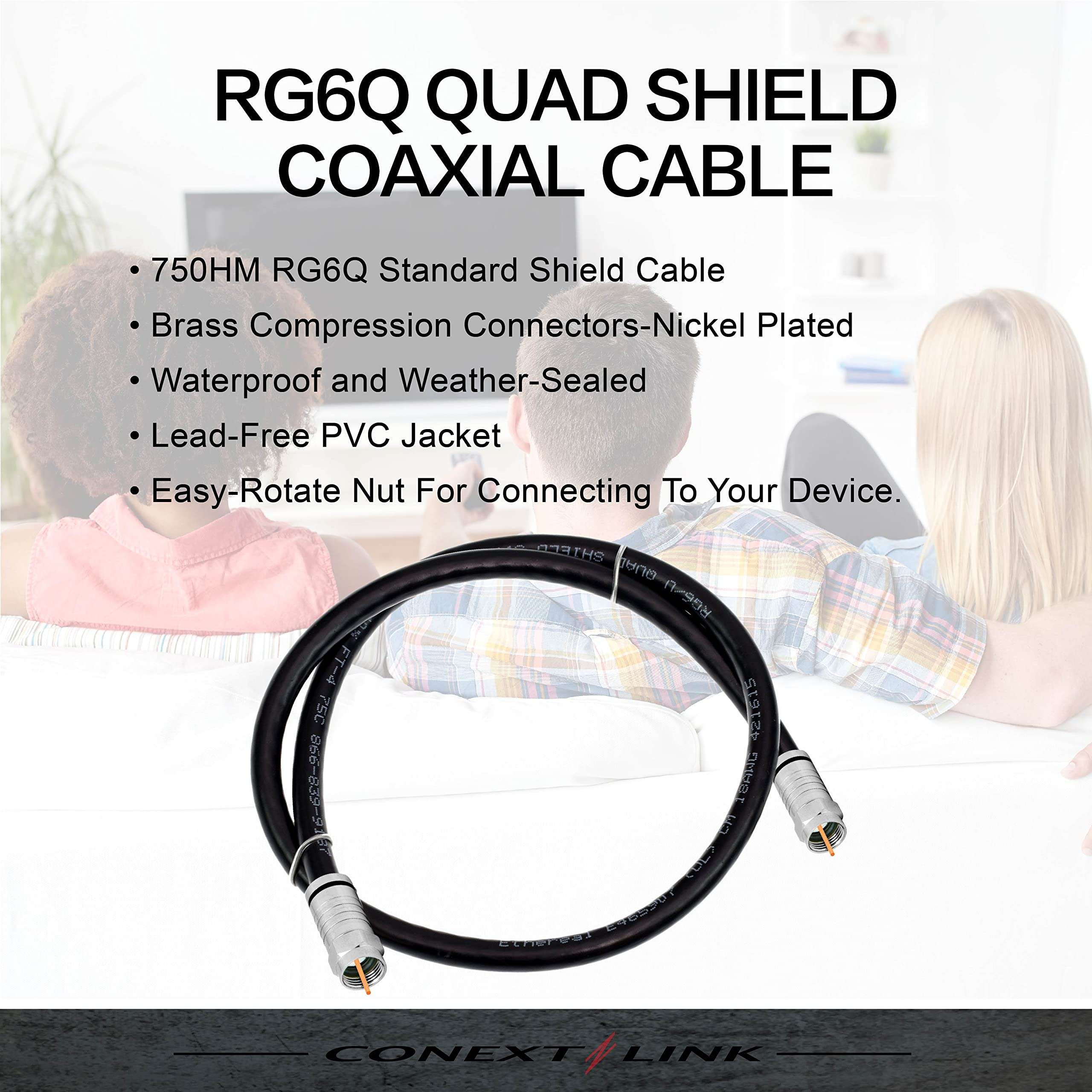 RG6 Quad Shield Coaxial Cable F Connector 18 AWG 3GHZ 75 Ohm Sat TV (2FT, Black) 4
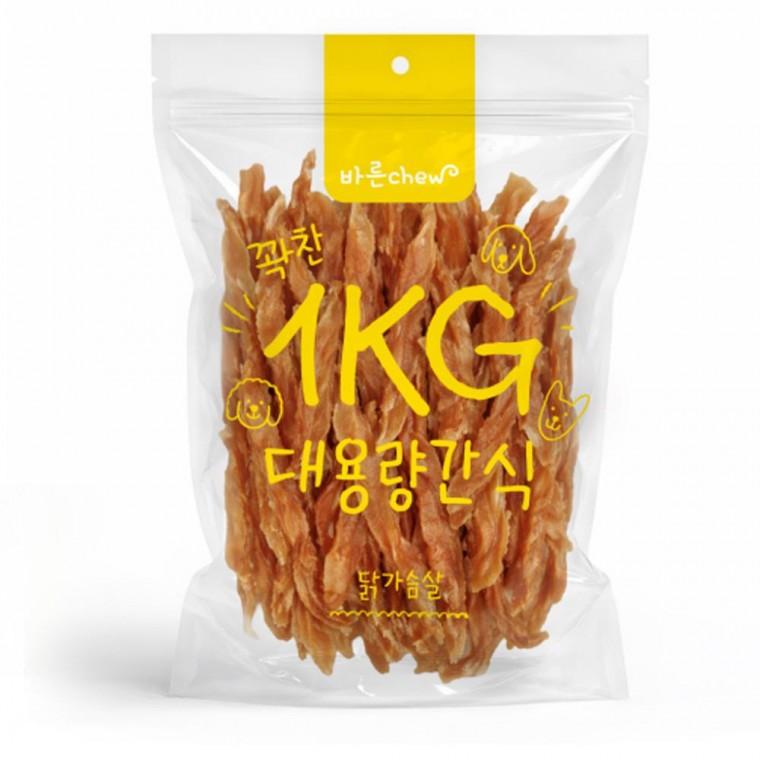 바른츄 애견 간식 닭가슴살 대용량 1kg 강아지 반려견 육포 져키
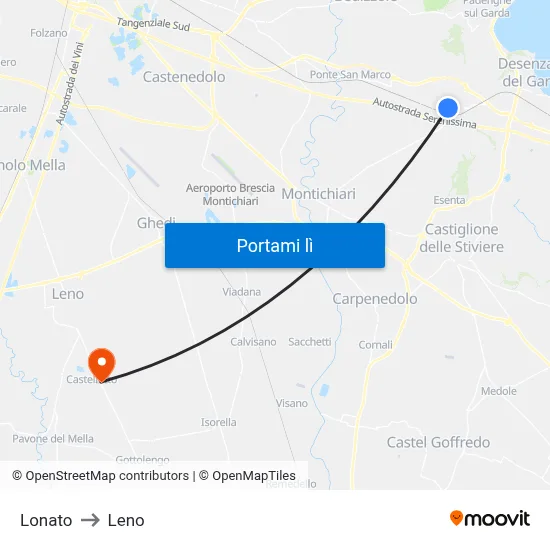 Lonato to Leno map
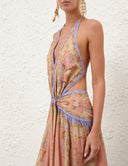 Bohemian Floral Print Deep V-Neck Maxi Dress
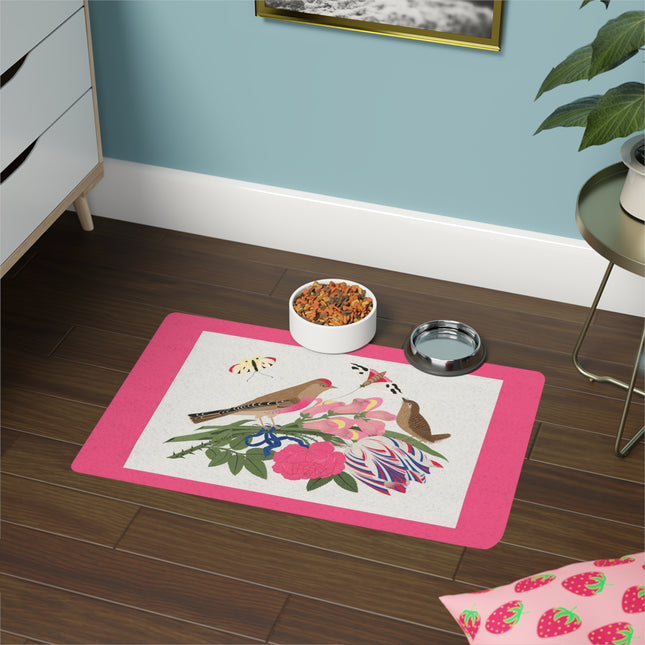 Finch & Wren Garden Harmony Pet Food Mat – Pink Blossom Serenade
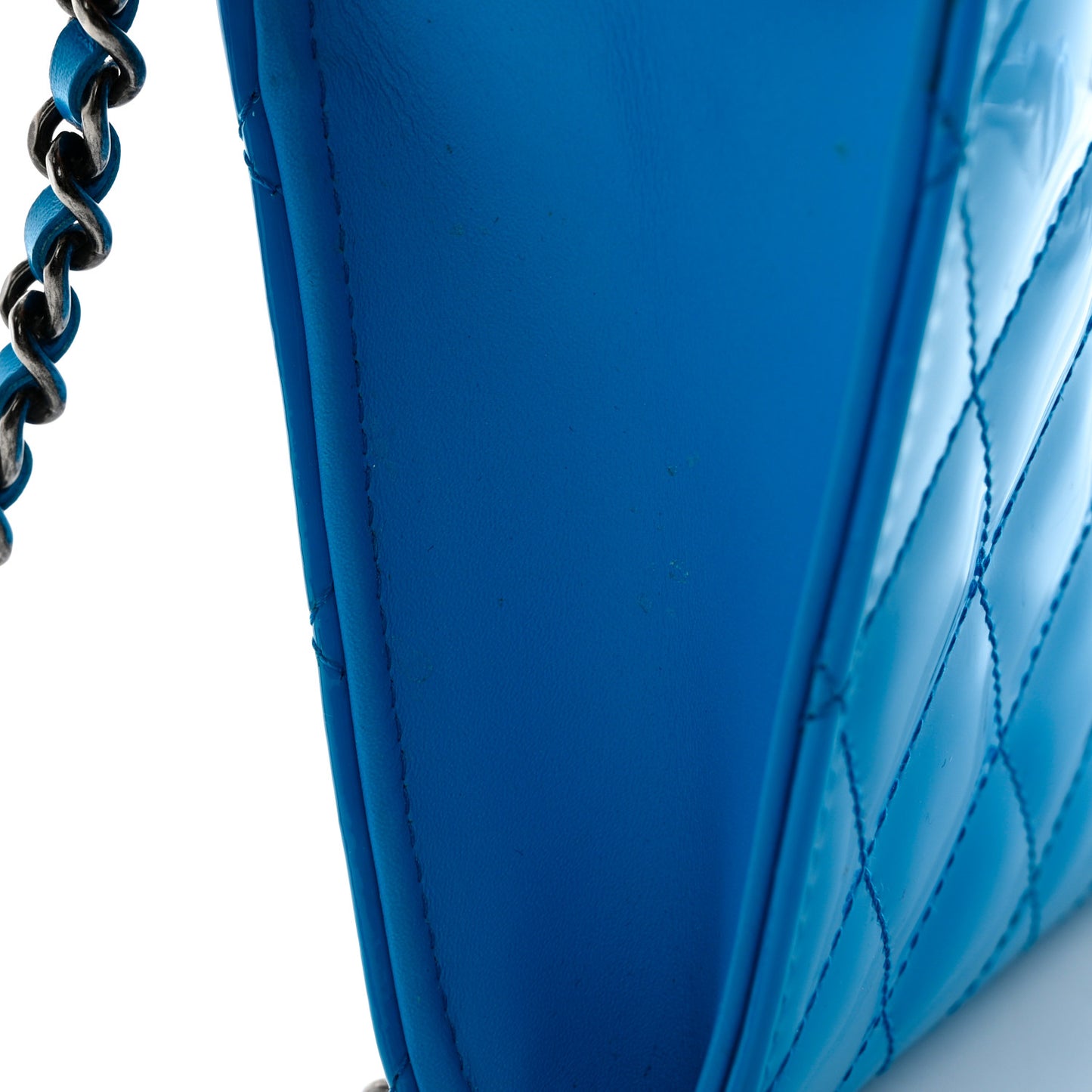 Patent Calfskin Quilted Boy Wallet On Chain WOC Blue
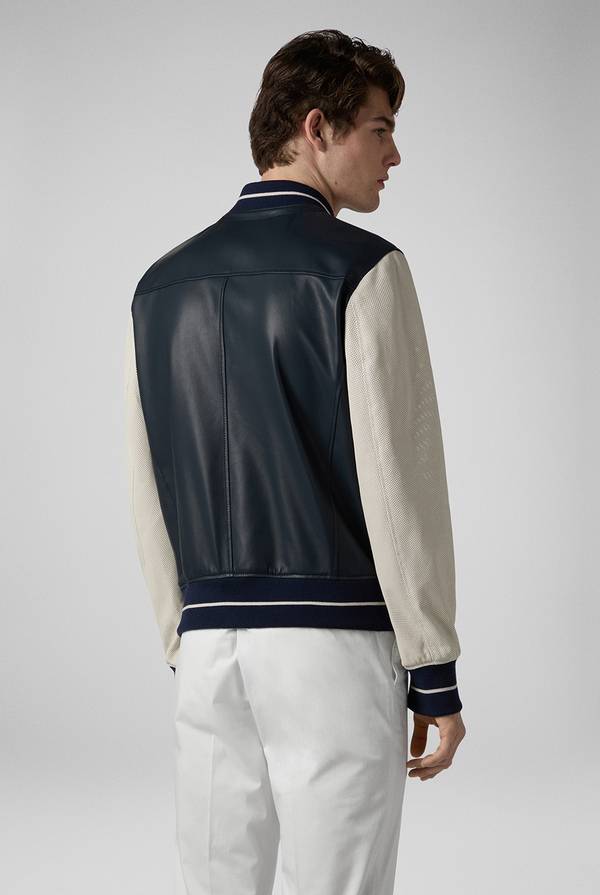Pal Zileri Varsity Jacket in nappa bicolore blu e panna Hotsell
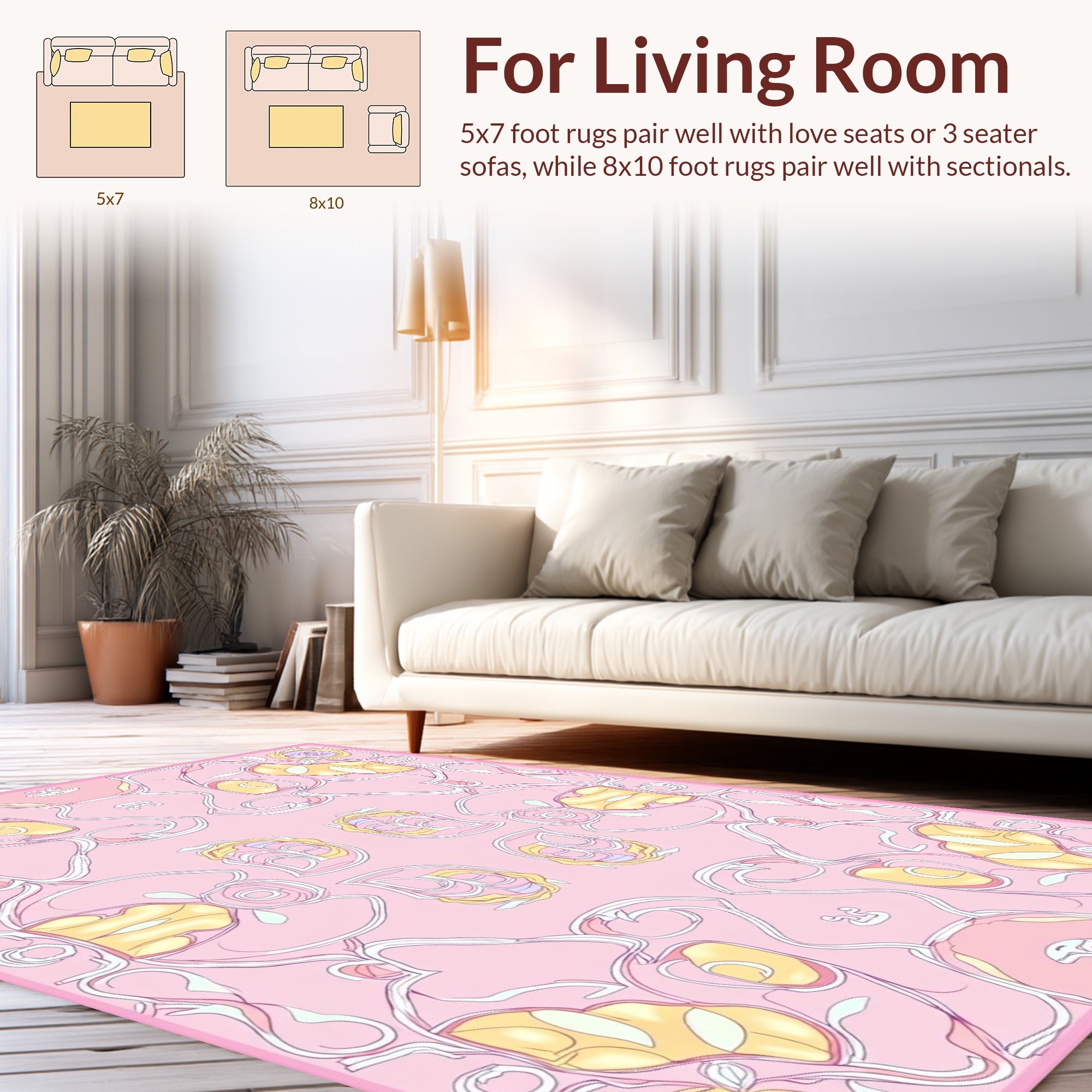 Art Nouveau Swirls and Floral Pattern Rug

────────────────────

Your task is to retype exactly, and only, the lines from the one that holds "Finch & Wren" through the end of the listing, both end lines included, without any pictures.

 Finch & Wren Garden Harmony Pet Food Mat – Pink Blossom Serenade
 Patent Calfskin Quilted Boy Wallet On Chain WOC Blue
Pal Zileri Varsity Jacket in nappa bicolore blu e panna Hotsell
 Art Nouveau Swirls and Floral Pattern Rug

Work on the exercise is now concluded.